We’re going old-school again this week.
Last week, we visited the old Pilgrim Hill School, an abandoned building that used to house Russell County’s elementary school for black children. It’s on Ware Road, within sight of U.S. 431 a little ways south of the Highway 165 intersection.
Built in 1919, it was a one-room, then two-room schoolhouse with wood-stove heating and privies outside until it closed in 1964 and its students integrated into Mount Olive School in Fort Mitchell.
One of Pilgrim Hill’s last two teachers, Mrs. Katie Mitchell, also moved with her students to Mount Olive, where she would remain on the faculty until she retired in 1986.
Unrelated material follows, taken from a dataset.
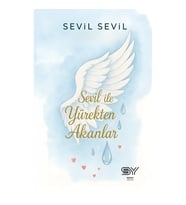 Sevil İle Yürekten Akanlar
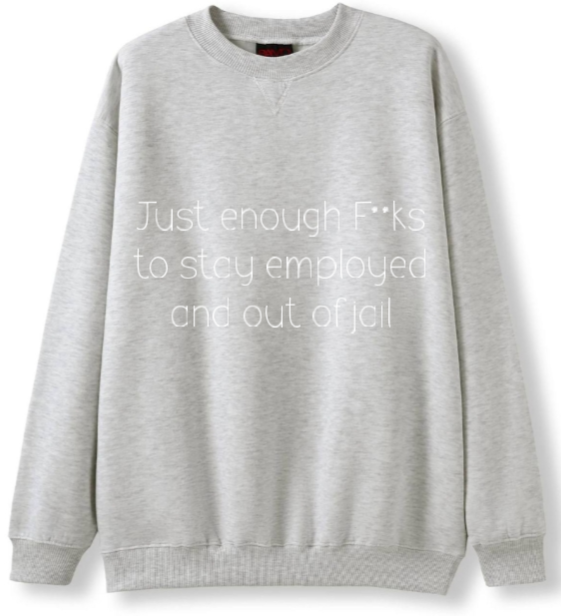 Just enough F**ks Crewneck Sweater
“They said they weren’t going to go to Mount Olive unless I went, too,” said Mitchell, who still lives just about a 10-minute drive from Pilgrim Hill.
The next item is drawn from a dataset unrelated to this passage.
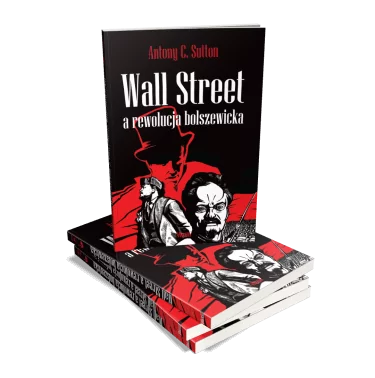 Wall Street a rewolucja bolszewicka - Antony C. Sutton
One of her students at the time was Arthur Day, today a member of Phenix City Council. Day said he recalls carrying buckets of water to the school and collecting firewood for the cast iron stoves.
“I toted many a bucket of water to that school, and I made many a fire there,” Day recalled.
Asked if she remembered teaching Day, Mitchell said, “Oh yes, I remember every one of my students.”
Her memories of Pilgrim Hill are pleasant, she said, in spite of the lack of modern facilities.
“Remember, this was the 1950s in rural Russell County,” Mitchell said. “Nobody had much more that back then.
“We had two of what they called pot-bellied stoves. You had to gather the wood. The county provided coal, but we had the children bring in some wood to start the fires. Everything was lovely, because we didn’t have anything better.”
What she said she remembers most fondly was the relationship between teachers, students and most importantly, with the parents of the students.
“I miss the relationships we had with the parents and the students,” Mitchell said. “We were one big family. It was like a village. Everybody was concerned about each other and we worked together. It was like a close-knit family.”
She said she doesn’t think she could teach today because teachers don’t get the same kind of respect and cooperation from parents and the community that they did back in her day.
“By the time I retired in 1986, I saw that change coming,” Mitchell said.
That respect she earned from her students remains to this day. Her students are all adults now, of course, but they still show the respect and deference they always did.
“If I walk in someplace and one of them is drinking a beer, they’ll hide it real quick,” Mitchell laughed.
Mitchell, now widowed, lives in the house she and her husband built not far from the old school. And at 85, she still takes care of her large, sloping hillside yard, tending to landscaping and mowing the grass on her riding mower.
“Before my husband passed, he had a riding mower too and we mowed the yard together,” Mitchell said. “Oh, how we loved working in that yard together.”